«Entro il 31 dicembre le regioni mi devono dire cosa intendono fare, di quanti impianti dispongono e quanti ne servono e per fare cosa, per evitare nuove infrazioni europee, e alcune regioni sono già in infrazione». Così il ministro dell’Ambiente Gian Luca Galletti, a margine di un convegno sulle bioplastiche, lancia il suo ultimatum alle amministrazioni regionali per l’adeguamento a quanto stabilito dal decreto attuativo dell’articolo 35 dello “Sblocca Italia”. Il dpcm, pubblicato lo scorso ottobre in Gazzetta Ufficiale dopo un lungo e travagliato passaggio in conferenza Stato-Regioni, individua un «fabbisogno residuo da coprire mediante la realizzazione di impianti di incenerimento con recupero di rifiuti urbani e assimilati» pari a un milione 831mila tonnellate annue, indicando come necessaria la costruzione di 8 nuovi forni in sette regioni tra Centro e Sud Italia.
«Io non ho mai detto – ha poi aggiunto Galletti – che bisogna fare per forza i termovalorizzatori. Ci sono altri impianti? Magari, ma sono stanco di rifiuti che girano per l’Italia sui camion. L’articolo 35 è stato un input per dire “fate qualcosa, muovetevi”. Adesso voglio vedere atti di giunta approvati». Il ministro ha poi ricordato come il fabbisogno residuo di smaltimento indicato nel dpcm sia stato calcolato ipotizzando per ognuna delle sette Regioni il raggiungimento del 65% di differenziata ed una parallela riduzione nella produzione dei rifiuti del 10%. «Credo che le regioni possano arrivare al 65% di raccolta differenziata, a fronte di una media italiana del 35-40% ci sono regioni che sono vicine all’obiettivo, regioni che l’hanno superato, regioni come la Sicilia al 12%, ci sono Comuni all’80% e Comuni al 3%, con le stesse regole. Quindi il problema non sono le regole, serve determinazione».
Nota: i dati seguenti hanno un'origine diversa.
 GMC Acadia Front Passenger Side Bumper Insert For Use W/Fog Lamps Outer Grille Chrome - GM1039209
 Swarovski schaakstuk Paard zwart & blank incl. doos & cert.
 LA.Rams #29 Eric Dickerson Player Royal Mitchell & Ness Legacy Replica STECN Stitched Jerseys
Determinazione che non manca di certo all’assessore all’ambiente della Lombardia Claudia Maria Terzi, che sullo “Sblocca Italia” ha annunciato un nuovo ricorso presso la Corte costituzionale, sebbene la Regione se ne sia visti respingere già due con sentenze emesse ad aprile e novembre. «Siamo convinti che l’intero sistema delineato dall’art. 35 dello “Sblocca Italia”, pur avallato dalla sentenza della Corte costituzionale, contrasti fortemente con la pianificazione e interesse regionale: ecco perchè la Lombardia procederà con l’impugnazione del dpcm, il Decreto del presidente del consiglio dei ministri, attuativo di tale disposizione, evidenziando l’incoerenza della posizione nazionale».
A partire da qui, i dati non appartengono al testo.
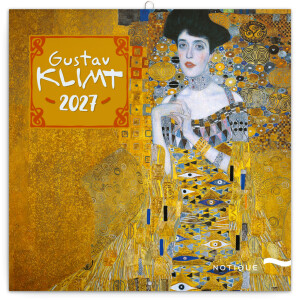 NOTIQUE Notepad Gustav Klimt 2027, 30 x 30 cm - Reklamnepredmety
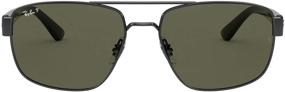 img 4 attached to Очки Ray Ban RB3663 прямоугольные с поляризованными линзами: стильная защита для глаз для улучшения зрения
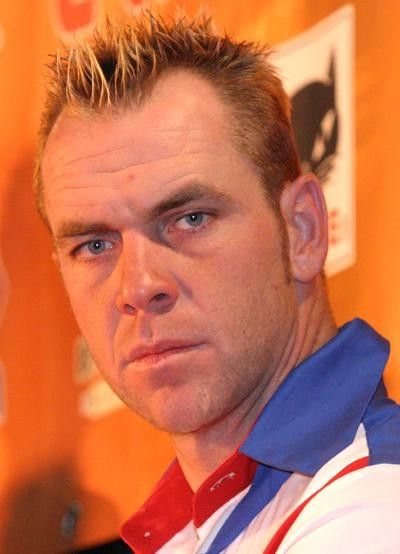 Baaaad to the bone! Australian Henk Vogels doesn't look impressed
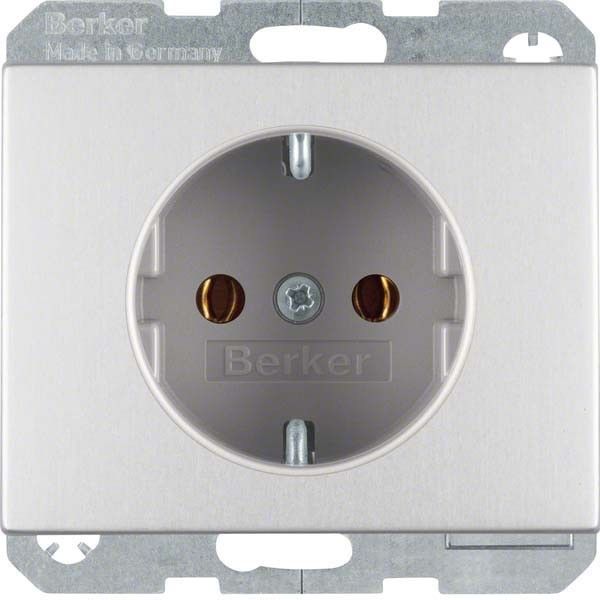 SCHUKO-Steckdose 47157003 alu eloxiert SCHUKO-Steckdose 47157003 alu eloxiert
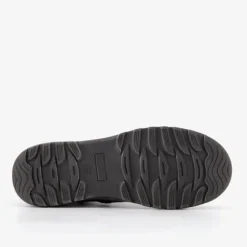 Blue Box Lage gevoerde dames veterboots zwart Discount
Una doppia bocciatura, quella della Consulta, che non basta a placare l’ira dell’assessorato lombardo, scatenata non tanto dalle misure sui nuovi inceneritori (la Lombardia non è tra le regioni individuate dal dpcm) quanto da quelle sul libero transito sul territorio nazionale dei rifiuti solidi urbani diretti a recupero energetico, che l’articolo 35 svincola dalla necessità di sottoscrivere accordi tra le regioni, e sull’inserimento degli impianti già attivi in una “rete nazionale” con l’obbligo di lavorare a massimo regime, fino alla saturazione del carico termico. Due misure che, secondo la Terzi, comprometterebbero la pianificazione regionale orientata alla riduzione dei conferimenti e alla progressiva dismissione degli impianti. «Siamo davanti a un governo che fa pagare alle regioni le incompetenze amministrative e politiche – attacca Terzi – oltre alla scarsa trasparenza degli altri».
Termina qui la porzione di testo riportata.